A major amendment concerning employment contracts made to the provisions of the Labour Code is scheduled to come into effect on 22 February 2016. The key modification is to restrict the number of employment contract types to three (instead of four as it is now). Namely, the new wording of Art. 25 of the Labour Code introduced under the amendment act provides for the following types of contracts: an employment contract for an indefinite term, a contract for a definite term, and a trial period contract. As we can see, the legislators have eliminated a temporary employment contract for the duration of a specific job (umowa na czas wykonywania określonej pracy).

Furthermore, the amendment act defines in greater detail the rules for concluding trial period employment contracts. Art. 25 § 2 of the Labour Code in its wording to come into effect on 22 February 2016 expressly stipulates that contracts of this type are entered into for the purpose of testing an employee’s qualifications and ascertaining their possible engagement to perform a specific type of work. In principle, such contracts may be concluded only once. However, if an employee were to be hired again to perform another type of work, such new engagement could also be preceded by the conclusion of another employment contract for a trial period. Following the trial period, which must not exceed three months, a definite term contract or a contract for an indefinite term may be entered into. The option of concluding a trial period contract is also available if there has been a three-year interruption in employment with the employer in question.

Major changes will also be made to the provisions regulating the conclusion of definite term contracts. The maximum duration of employment contracts for a definite term is to be 33 months. Likewise, the combined time of employment under several definite term contracts must be no longer than 33 months, with the number of consecutive contracts being limited to three. In the event that at least one of these limits is exceeded, the employment contract for a definite term is automatically transformed into an indefinite term contract. If during the term of an employment contract for a definite term it is agreed to extend the time of performing work, this will be tantamount to the conclusion of a new (consecutive) definite term contract.

The above-described limits restricting employment under definite term contracts will not apply to any contract entered into: (1) with the purpose of providing replacement for employees during justified absence from work, (2) for performing work of a temporary or seasonal nature, (3) for performing work during a term of office, (4) for objective reasons on the employer’s side that have been indicated by the latter. However, these exceptions will only be allowed if the conclusion of a contract in a specific case meets real needs of a temporary nature and to the extent necessary in the light of all the circumstances of making such a contract. In such cases, the employment contract must include the reasons providing objective justification for its conclusion. Furthermore, when a definite term employment contract indicating objective reasons for it on the employer’s side is entered into (point (4) above), the employer will be required to notify it to the competent Regional Labour Officer. Failure to comply with this obligation will be deemed an offence against employee rights and be penalised with a fine of PLN 1000 up to PLN 30000.

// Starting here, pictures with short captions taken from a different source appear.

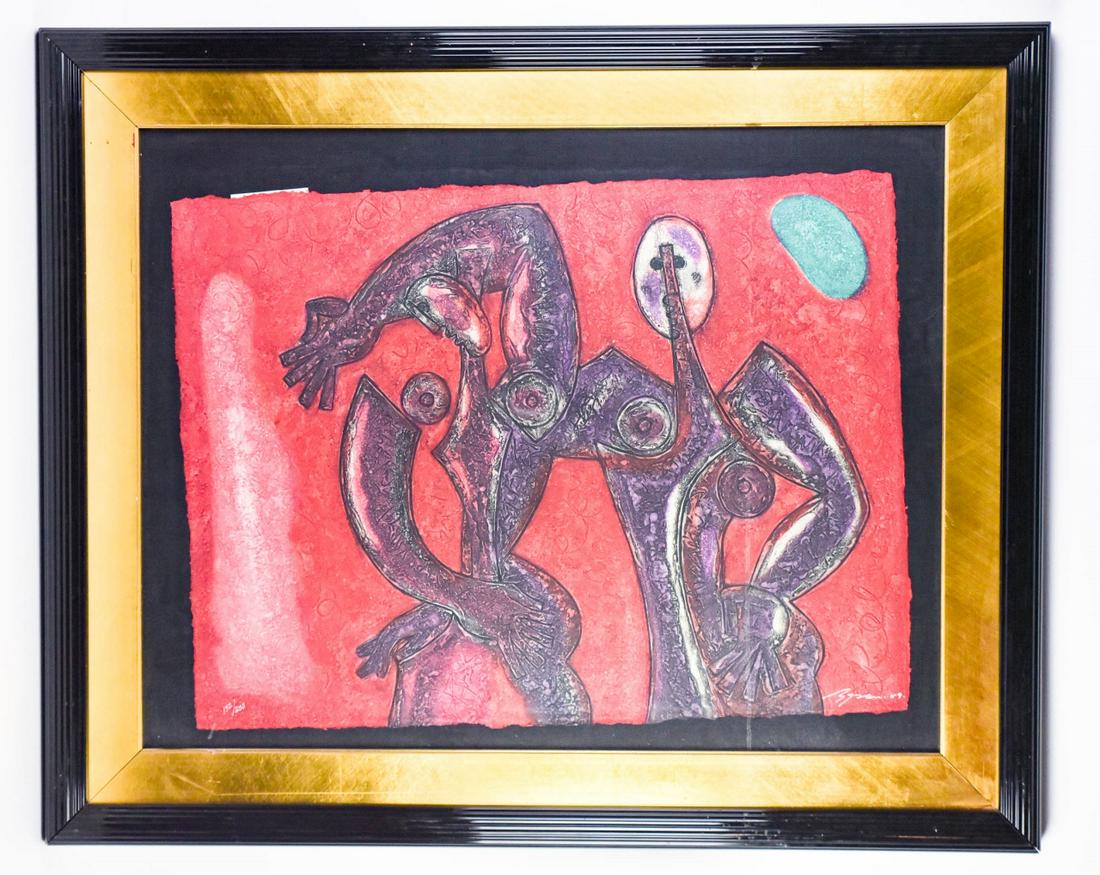 Byron Galvez Abstract Nudes Hand Made Paper Print (1 of 9)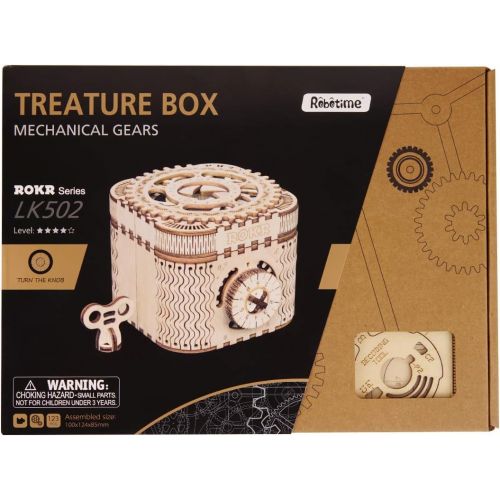  [아마존베스트]ROBOTIME 3D Wooden Treasure Box Puzzle Unique Model Kits to Build Mechanical Engineering Kits Great Birthday for Adults and Children Age 14+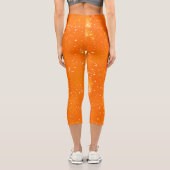 Leggings Capri Peintures à l'aquarelle orange Speckle (Verso)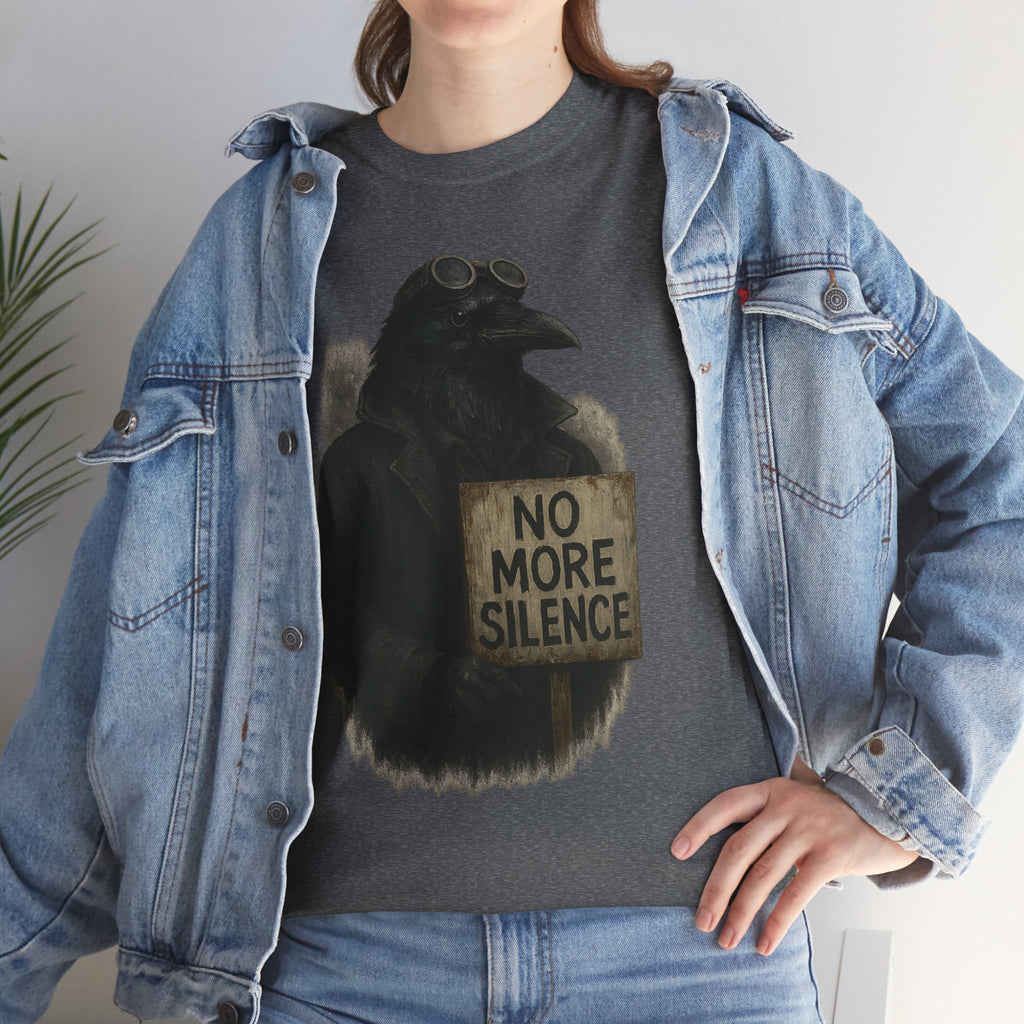 Raven Protest Tee - Unisex Heavy Cotton Tee, Graphic Shirt for Activists, Statement T-Shirt, Gift for Social Justice Advocates, No [...]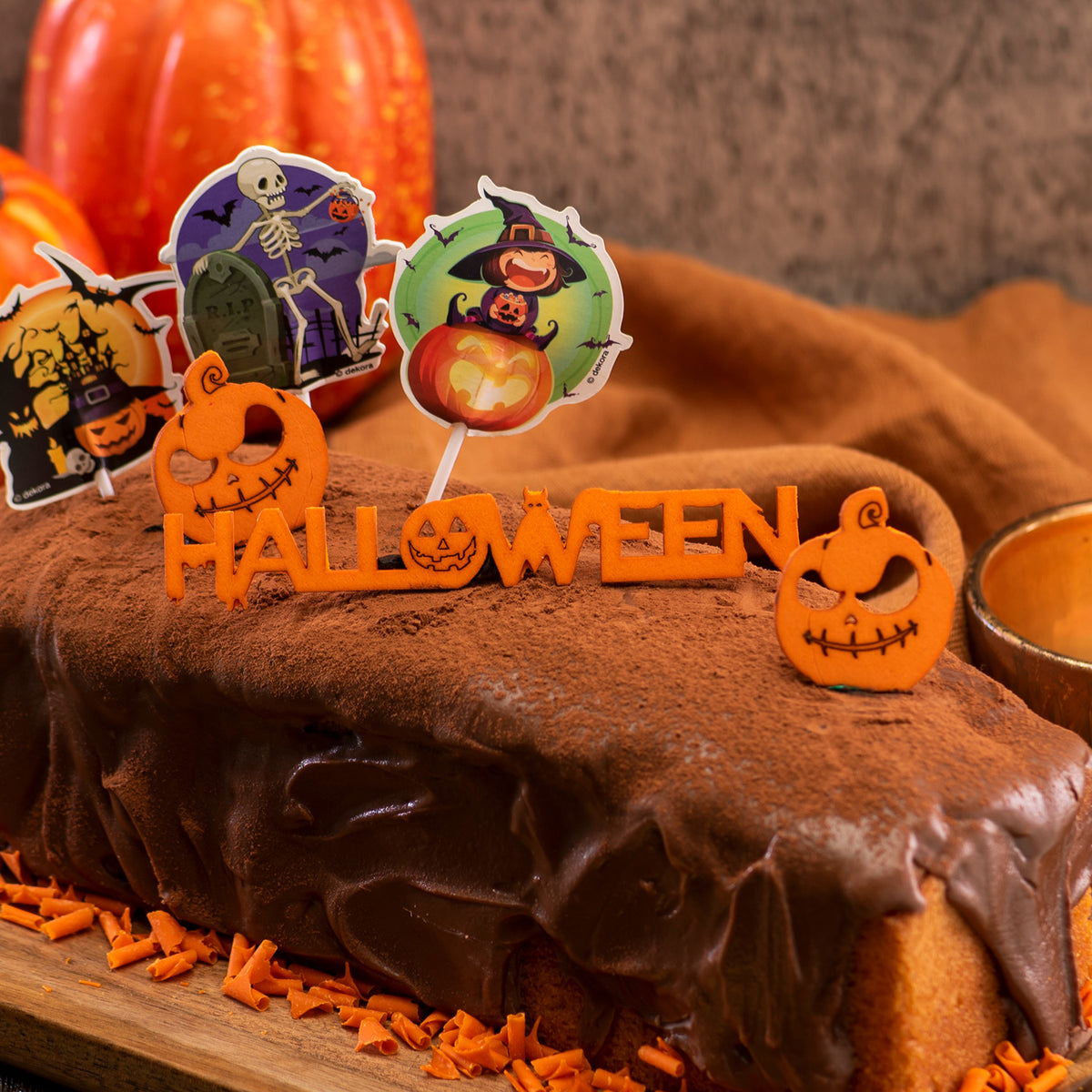 DÉCORATION DE GATEAU EN PAPIER HALLOWEEN 8 MODÈLES 9X6CM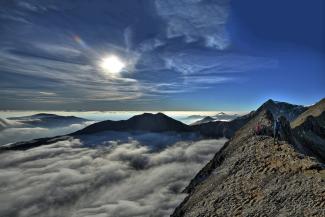 View of Snowdon Horseshoe with mist across the mountain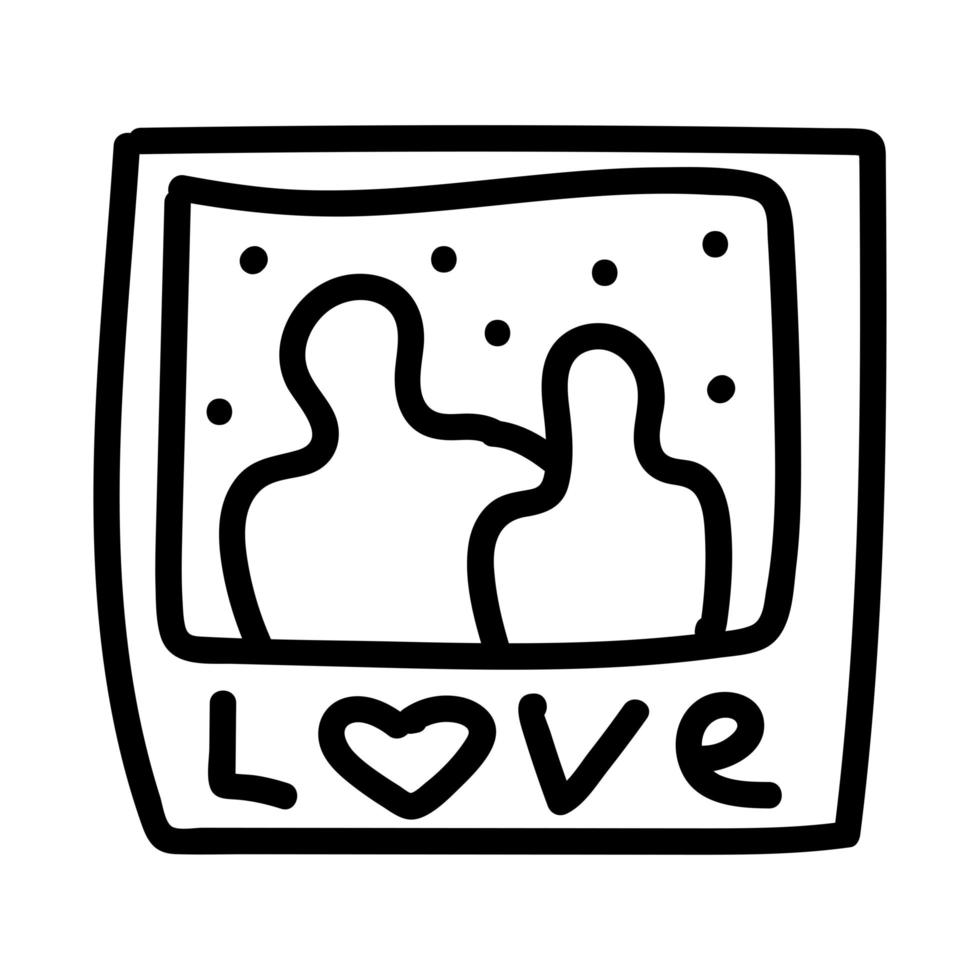 dia dos namorados doodle foto de ícone de um casal apaixonado e legenda letras amor com um coração. cartão de moldura instantânea para o dia do amor. ilustração desenhada à mão para web, cartão, panfleto, feriado, adesivo vetor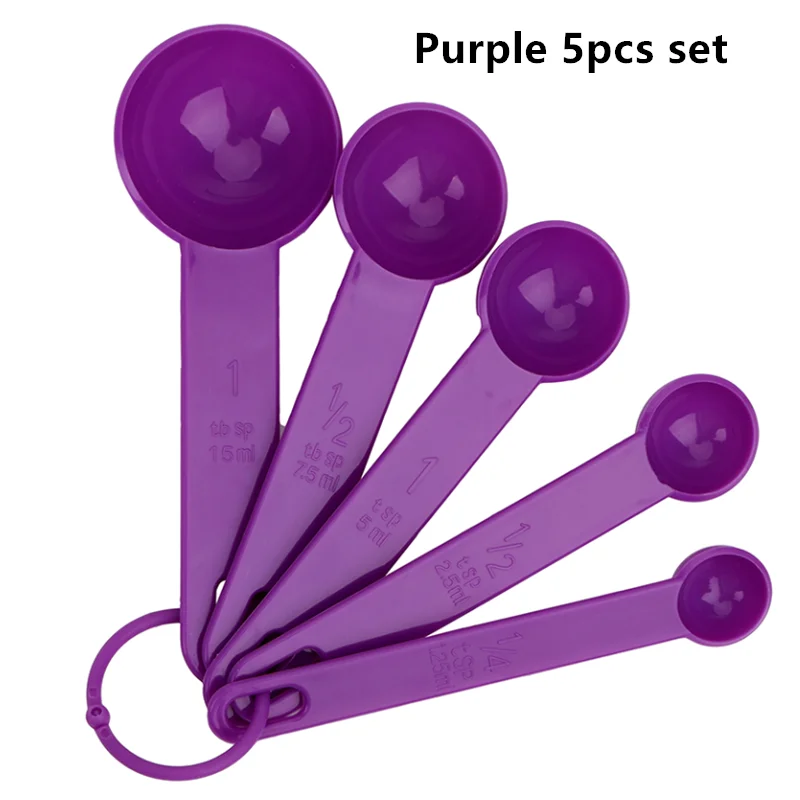 5pcs set purple 4/8 шт. силиконовая складная мерные ложки набор для выпекания хлебобулочных изделий муки мерные чашки Кофе Чай ложки для сахара дома Кухня Пособия по кулинарии инструменты - Цвет: 5pcs set purple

The amendment act also modifies the rules for terminating employment contracts. As from its effective date, consistent periods of notice will apply to both indefinite and definite term contracts, with the length contingent on the period of employment at the particular employer. These periods of notice are 2 weeks for 6 months of employment or shorter; 1 month for at least 6 months of employment; and 3 months for at least 3 years of employment.

Finally, it is worthwhile to draw attention to transitional provisions. The current regulations will continue to apply to employment contracts for a definite term that remain in effect on the date of entry into force of the amendment act but have been terminated prior to that date. The permissible termination of definite term employment contracts that are continuing on the effective date of the amendment will be subject to the existing provisions if such contracts were concluded for periods of up to 6 months or for more than six months in the case that such contracts do not provide for termination with a 2-week period of notice. As regards termination of definite term employment contracts concluded for more than 6 months, which provide for termination with a 2-weeks’ notice period and remain in force as of the effective date of the amendment act, the applicable periods of notice will depend on the period of employment at the relevant employer (as defined in Art. 36 § 1 of the Labour Code in the amended wording). For specific term contracts, the limits stipulated in the amendment act regarding their acceptable duration (33 months) and permissible number (3 contracts) will apply. However, only the length of service since the entry into force of the amendment act will be taken into account in the calculation of these limits. A definite term contract that is continuing as of the amendment effective date will be considered as the first or second contract within the meaning of Art. 251 in its current wording. A contract of employment for a definite term that is concluded as from the effective date of the amendment act, but within one month from the date of notice for the second contract as defined in Art. 251 of the Labour Code in its current wording, is deemed an employment contract for an indefinite term if such period of notice started either before or on the date of entry into force of the amendment.